# Yarn Shops on the West Coast



## CharleenR (Feb 21, 2012)

We will be visiting several cities on the West Coast (of the US and Canada) in late September. I know I can look up yarn shops in the online yarn shop finder. But what I am really after is your favorites in Vancouver, Victoria, BC, Seattle, Astoria, San Francisco and Santa Barbara. What are your favorites in those cities KPers?


----------



## dragonkeeper1 (Jan 9, 2013)

Charleen if you are driving stop in Bellingham. Its about half way between Vancouver B.C. and Seattle. Check out Northwest Yarns and Apple yarns.

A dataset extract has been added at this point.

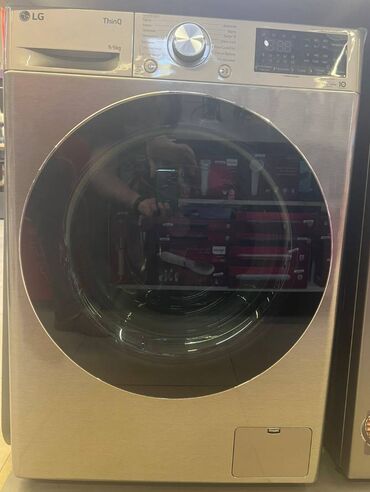 Paltaryuyan maşınlar: Paltaryuyan maşın LG, 7 kq, Yeni, Avtomat, Pulsuz çatdırılma — 4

If you let me know when you'll be here I'll treat you to coffee or tea


----------



## CharleenR (Feb 21, 2012)

It would be nice to be a road trip, haven't done that in a long time. This trip happens to be a cruise that starts in Vancouver and ends in Los Angeles (where I live, why I didn't include that in the cities we are visiting. We will have a couple of extra days before things start in Vancouver.



dragonkeeper1 said:


> Charleen if you are driving stop in Bellingham. Its about half way between Vancouver B.C. and Seattle. Check out Northwest Yarns and Apple yarns. If you let me know when you'll be here I'll treat you to coffee or tea


----------



## dragonkeeper1 (Jan 9, 2013)

Well, we are fairly close to the border.If things are slow you can always call. Vancouver has some of the best Chinese restaurants around. And if you like fabric be sure and look at sari row.


----------



## Janyce (Apr 13, 2013)

dragonkeeper1 said:


> Charleen if you are driving stop in Bellingham. Its about half way between Vancouver B.C. and Seattle. Check out Northwest Yarns and Apple yarns. If you let me know when you'll be here I'll treat you to coffee or tea


We will be making a road trip in August from Ontario Canada through the States and will pass through Bellingham on our way to my old neighbourhood on Vancouver Island. Hopefully we can stop in. Does your shop have a website?


----------



## patocenizo (Jun 24, 2011)

Hi Charleen, I've been to Knit and Pearl in Santa Barbara where I found lovely yarn and very nice helpful ladies. I am presently in Spokane, Wa. visiting and have found a yarn shop that has some beautiful yarn called Three Irish Girls, look them up online their yarn is to die for. What I also liked was the fact that the business is located in Minnesota so we are keeping the jobs here in the U.S.A. Hope to meet you someday at ABYC.


----------



## kniturassoff (Jul 20, 2011)

Hi Charleen, I live in Victoria. We have Beehive on Douglas st which has a great variety of yarns but is expensive. My favorite yarnshop is on estevan in oak bay. It has an ongoing sidewalk sale this time of year. Also, if your in mill bay, whippletree junction along the main highway has 2 great yarnshops, one has 20% off in August and the other has local homespun. Happy cruising


----------



## cynthiaknits (Oct 19, 2011)

I drool in Great Yarns, in Everett Washington


----------



## Moisiline (Oct 23, 2011)

I like Main Street Yarn in Mill Creek. Mill creek is part way between Seattle and Everett off I 5.


----------



## The Quiet Knitter (Jun 25, 2011)

If you are in Seattle and want a nice day trip across the sound, take the ferry to Bainbridge Island and visit Churchmouse Yarns & Teas. It is a beautiful shop full of friendly sales people and wonderful yarns. Our little town has many lovely shops and restaurants as well. Everything is a short walk from the ferry dock.


----------



## Knitnutty (Feb 9, 2011)

I agree with The Quiet Knitter, Churchmouse Yarns is worth the trip. Beautiful yarns. I stop by there when I visit my daughter.


----------



## Alohadonna (Jan 4, 2012)

Favorites in Santa Barbara Re, Loop and Leaf which is in anold home just off the downtown drag. Their selection of yarns is really outstanding and they are displayed in a way hanging on pegs on the walls that just beg to be bought. I head for this place when I want something in yarn for a project. Cardigan is also a favorite in SB, a small cottege on State St. That is loaded with yummy yarns and very friendly help. I do notice that Knit and Purl is closed, may need to check that one out.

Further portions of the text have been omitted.